START Records provided

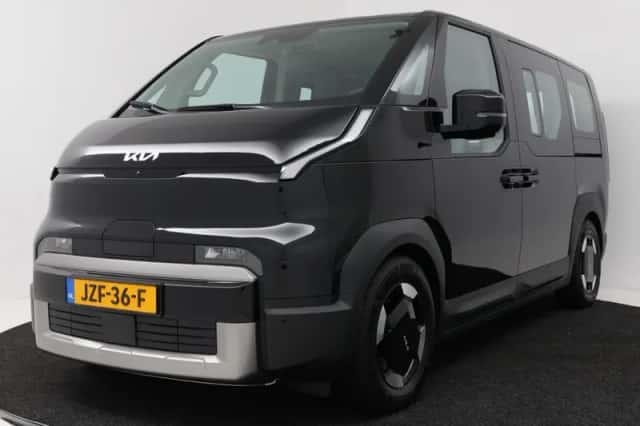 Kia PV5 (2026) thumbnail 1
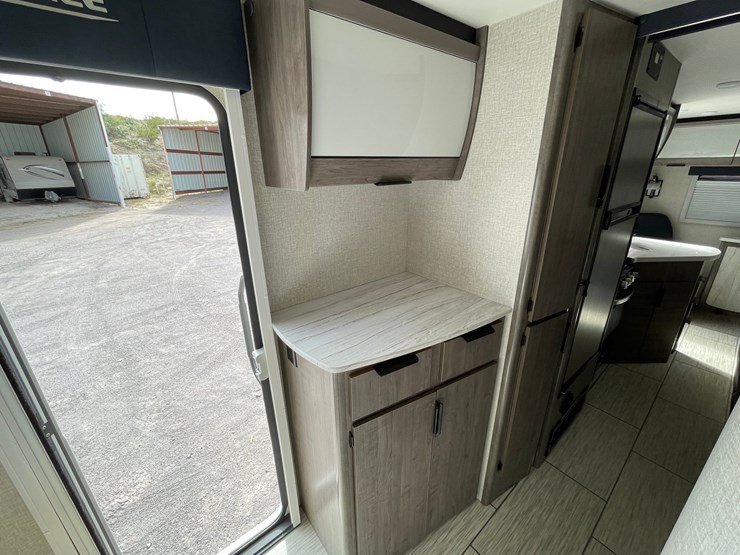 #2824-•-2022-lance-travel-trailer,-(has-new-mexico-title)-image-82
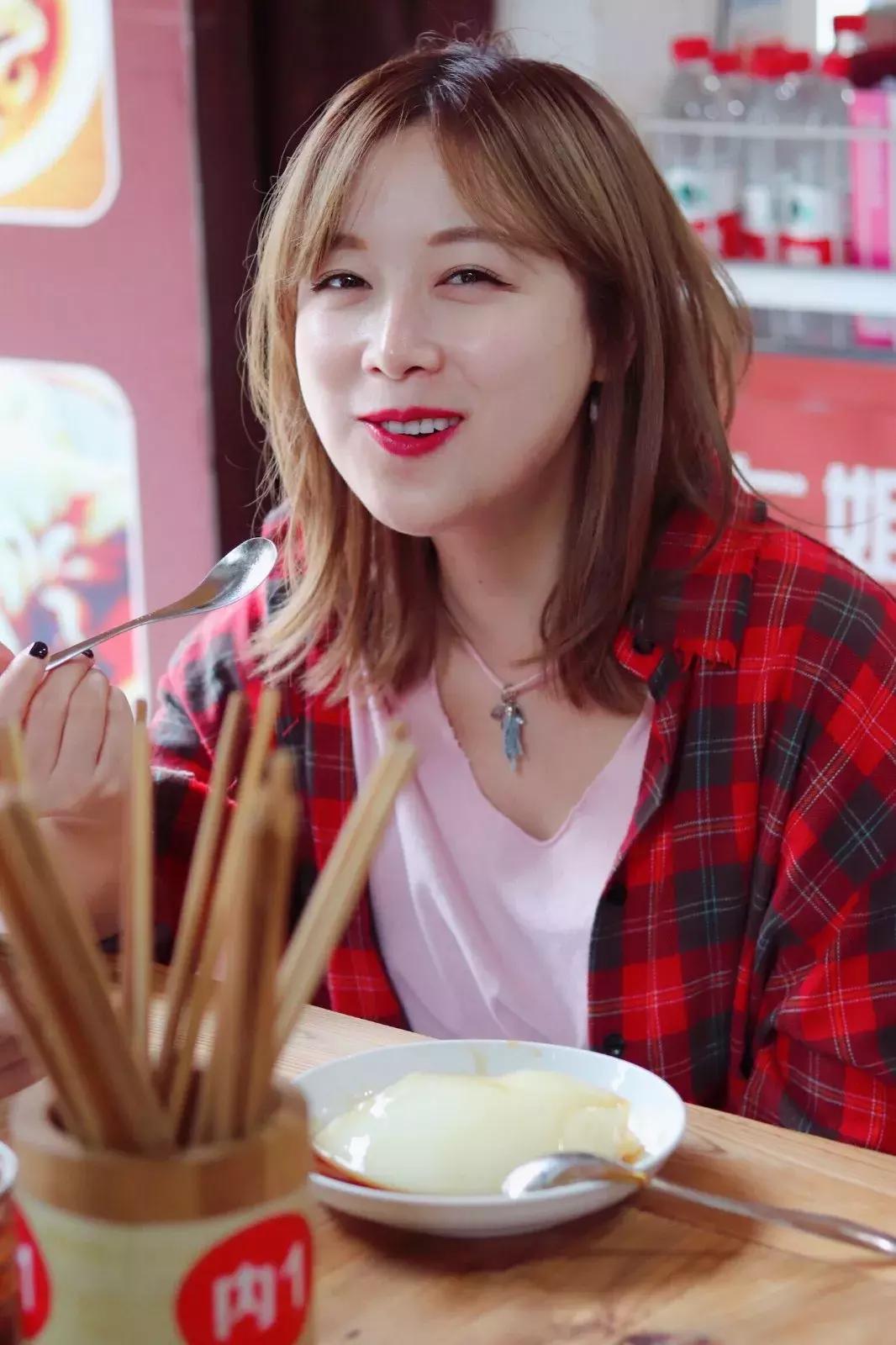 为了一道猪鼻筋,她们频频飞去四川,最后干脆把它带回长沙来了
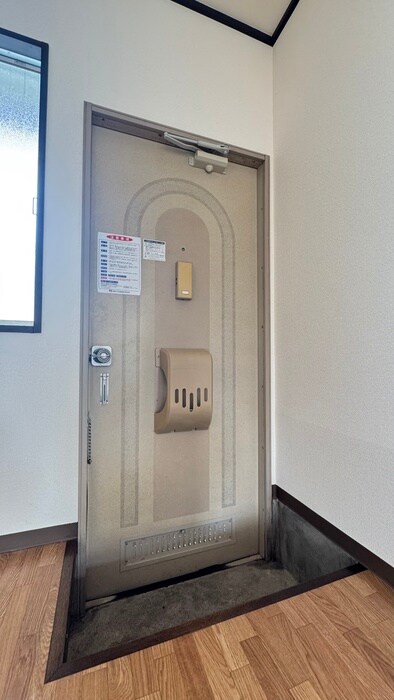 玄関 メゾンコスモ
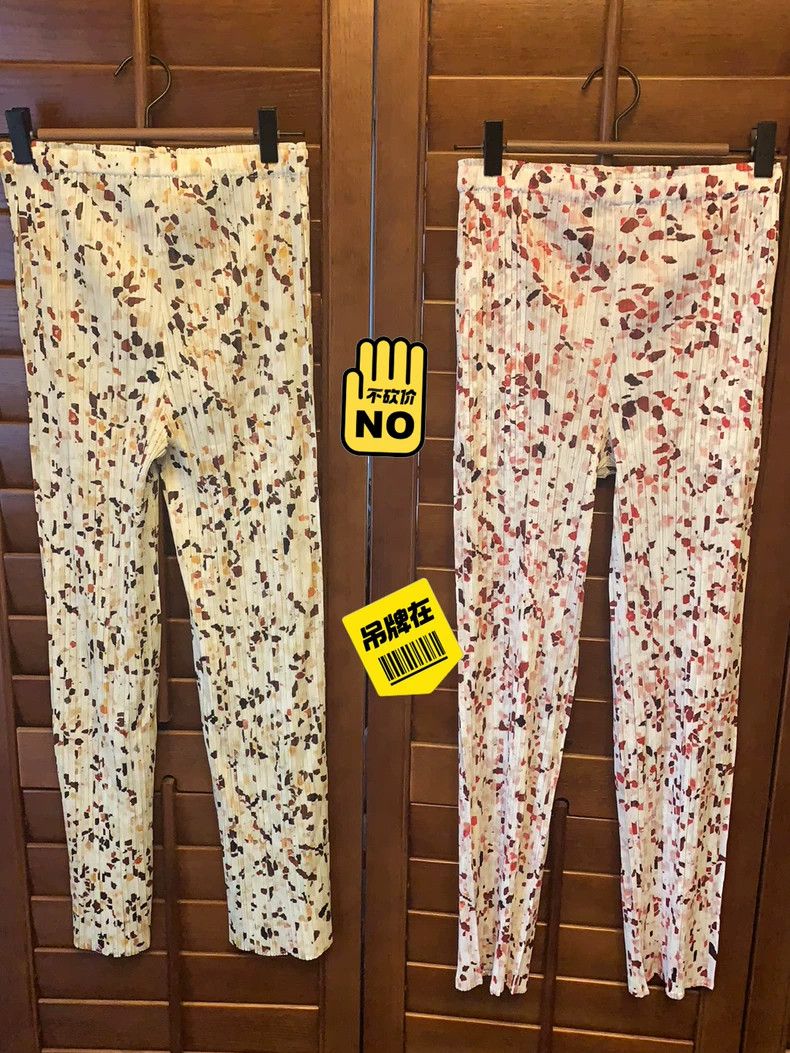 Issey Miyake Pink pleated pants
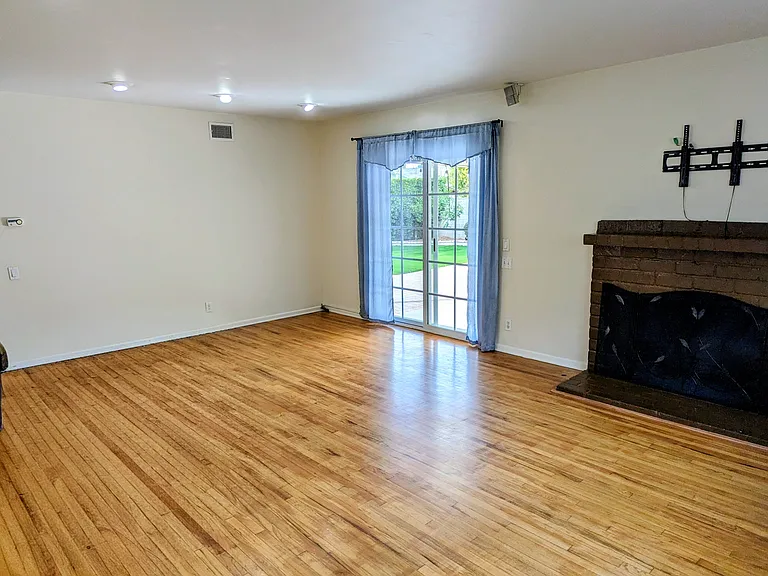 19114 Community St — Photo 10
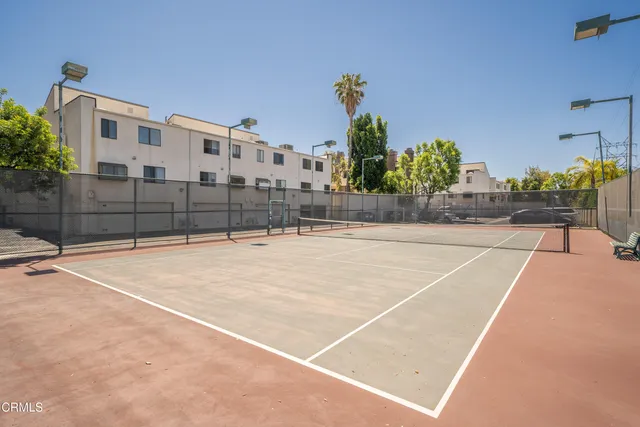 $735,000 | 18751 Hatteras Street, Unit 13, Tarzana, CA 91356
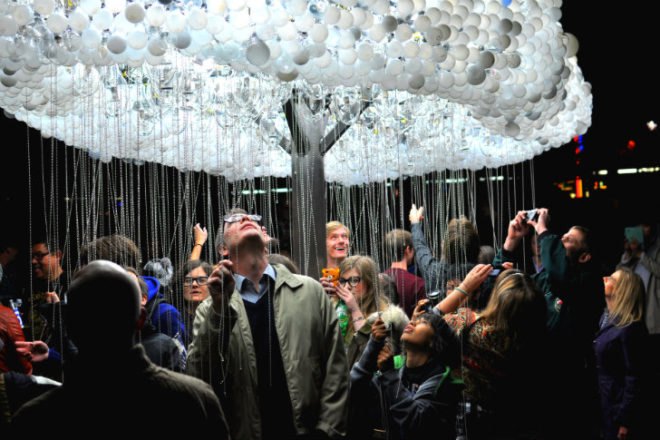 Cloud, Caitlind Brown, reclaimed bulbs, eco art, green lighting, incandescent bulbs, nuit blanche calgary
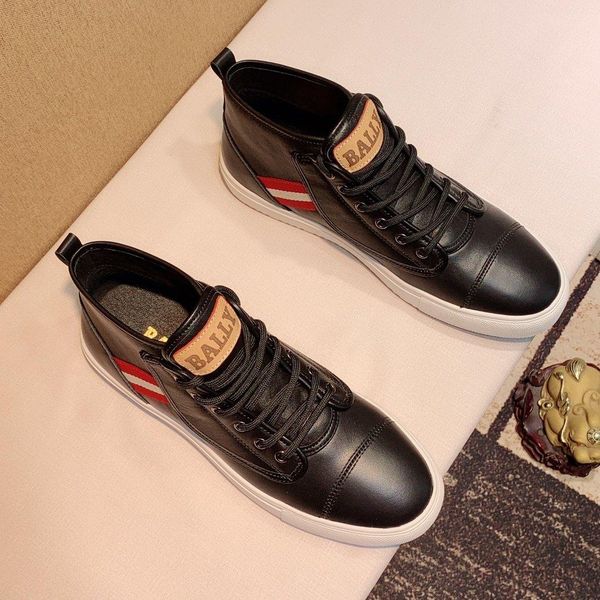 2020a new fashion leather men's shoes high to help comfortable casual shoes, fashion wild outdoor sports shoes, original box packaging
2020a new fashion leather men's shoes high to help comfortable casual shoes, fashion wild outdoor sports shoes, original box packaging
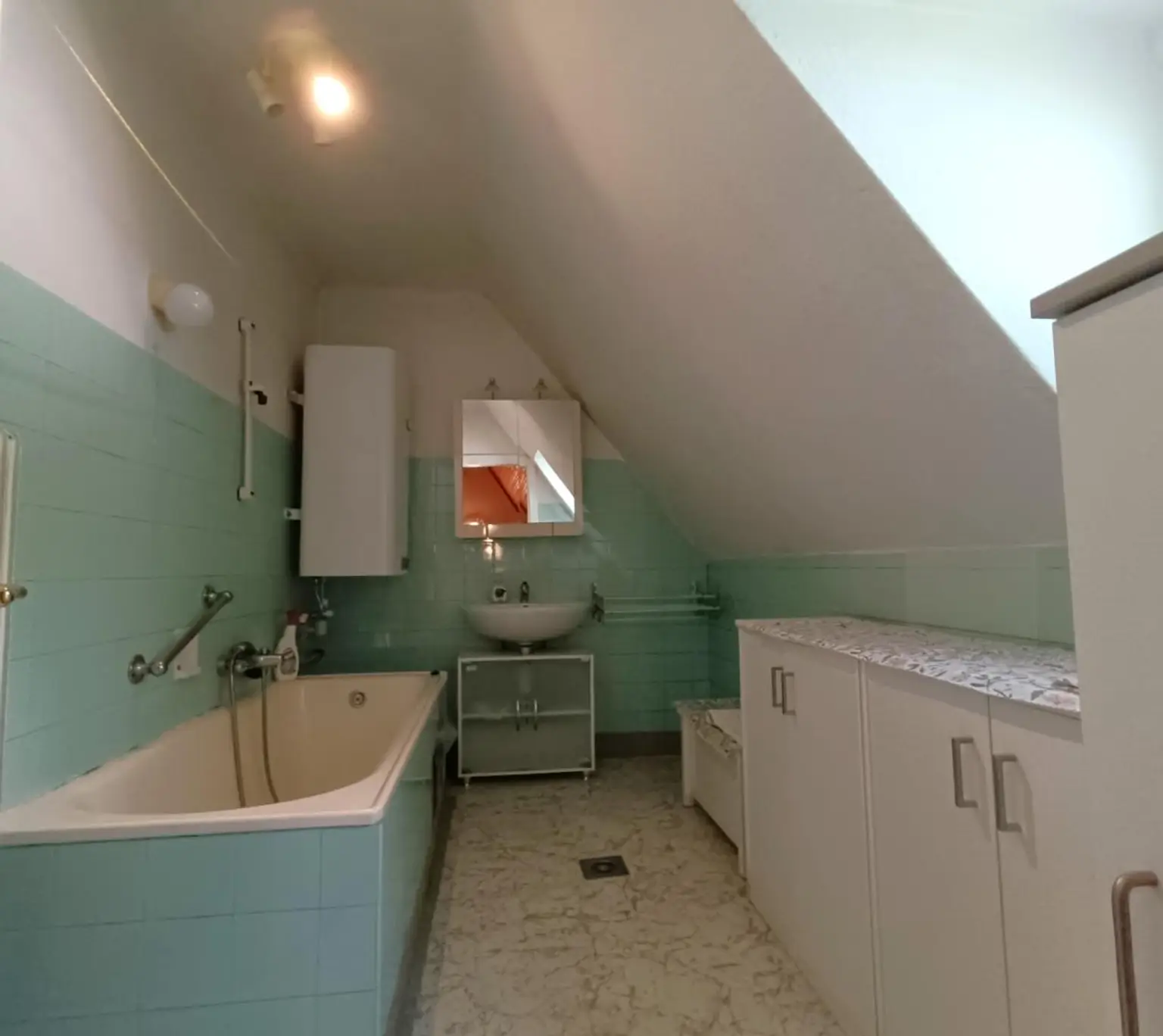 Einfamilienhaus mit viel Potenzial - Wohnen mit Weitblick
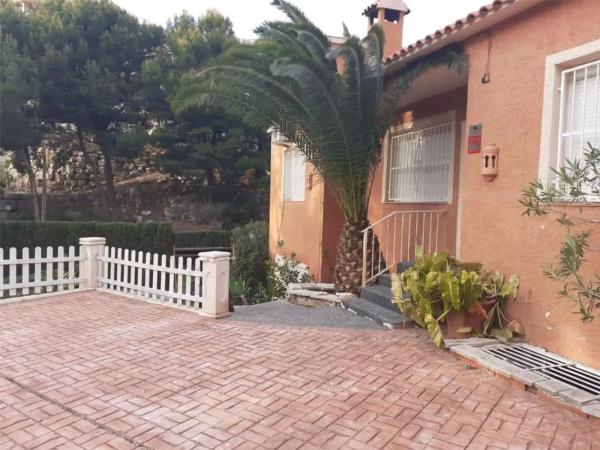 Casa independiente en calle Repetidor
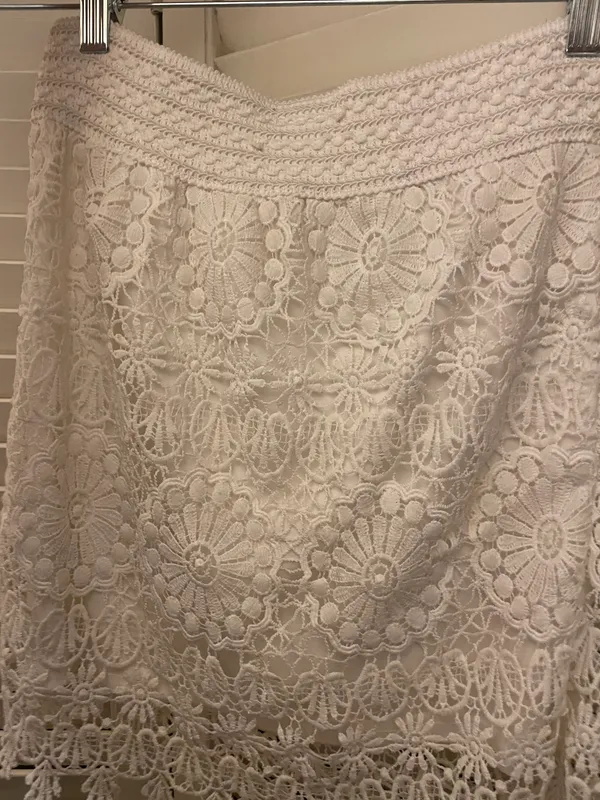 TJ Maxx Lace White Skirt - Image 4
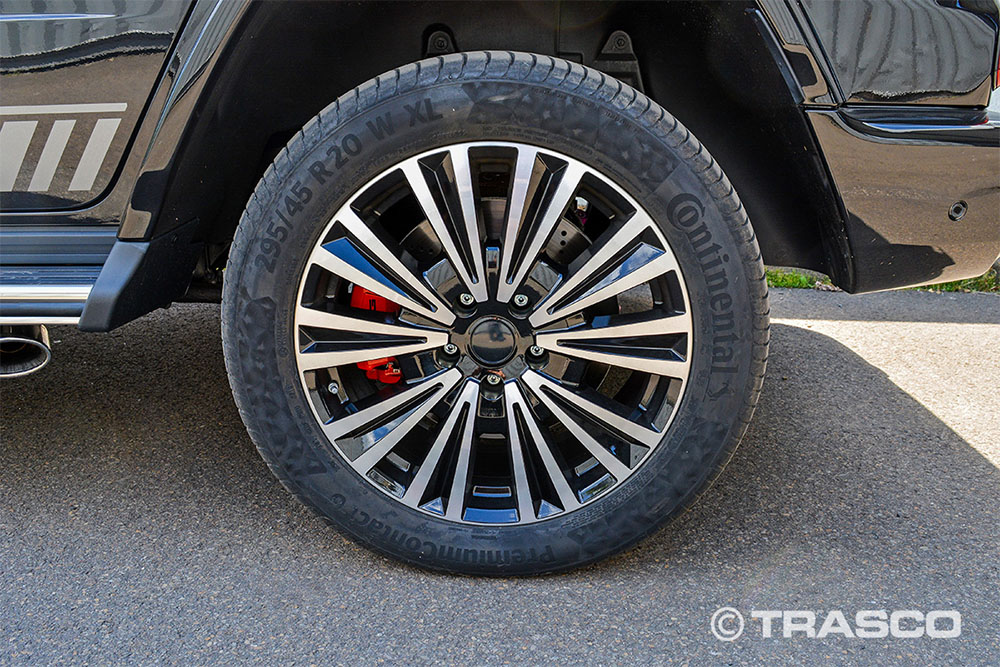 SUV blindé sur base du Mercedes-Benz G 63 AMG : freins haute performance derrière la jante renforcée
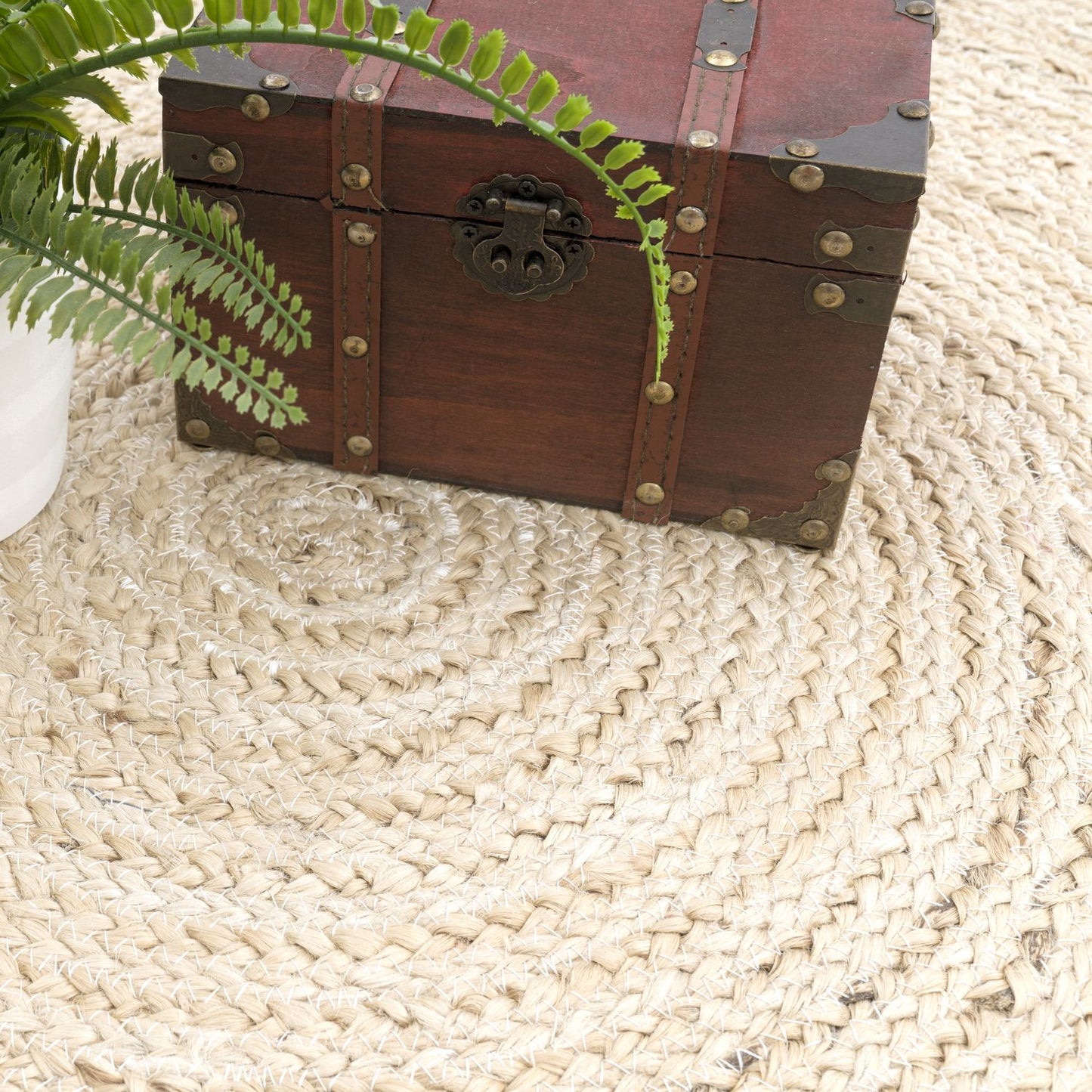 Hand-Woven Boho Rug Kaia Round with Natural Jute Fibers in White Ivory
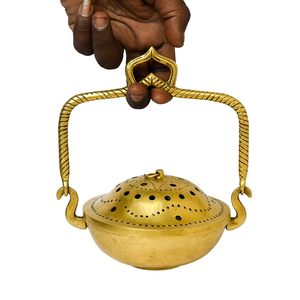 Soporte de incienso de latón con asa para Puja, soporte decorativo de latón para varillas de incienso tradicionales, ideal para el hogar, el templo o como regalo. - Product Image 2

END Records provided

- _Exercise aim_: Word-for-word output of every record is needed, with images omitted.

- _Expected answer_:
 Kia PV5 (2026) thumbnail 1
 #2824-•-2022-lance-travel-trailer,-(has-new-mexico-title)-image-82
 为了一道猪鼻筋,她们频频飞去四川,最后干脆把它带回长沙来了
 玄関 メゾンコスモ
 Issey Miyake Pink pleated pants
 19114 Community St — Photo 10
 $735,000 | 18751 Hatteras Street, Unit 13, Tarzana, CA 91356
 Cloud, Caitlind Brown, reclaimed bulbs, eco art, green lighting, incandescent bulbs, nuit blanche calgary
 2020a new fashion leather men's shoes high to help comfortable casual shoes, fashion wild outdoor sports shoes, original box packaging
2020a new fashion leather men's shoes high to help comfortable casual shoes, fashion wild outdoor sports shoes, original box packaging
 Einfamilienhaus mit viel Potenzial - Wohnen mit Weitblick
 Casa independiente en calle Repetidor
 TJ Maxx Lace White Skirt - Image 4
 SUV blindé sur base du Mercedes-Benz G 63 AMG : freins haute performance derrière la jante renforcée
 Hand-Woven Boho Rug Kaia Round with Natural Jute Fibers in White Ivory
 Soporte de incienso de latón con asa para Puja, soporte decorativo de latón para varillas de incienso tradicionales, ideal para el hogar, el templo o como regalo. - Product Image 2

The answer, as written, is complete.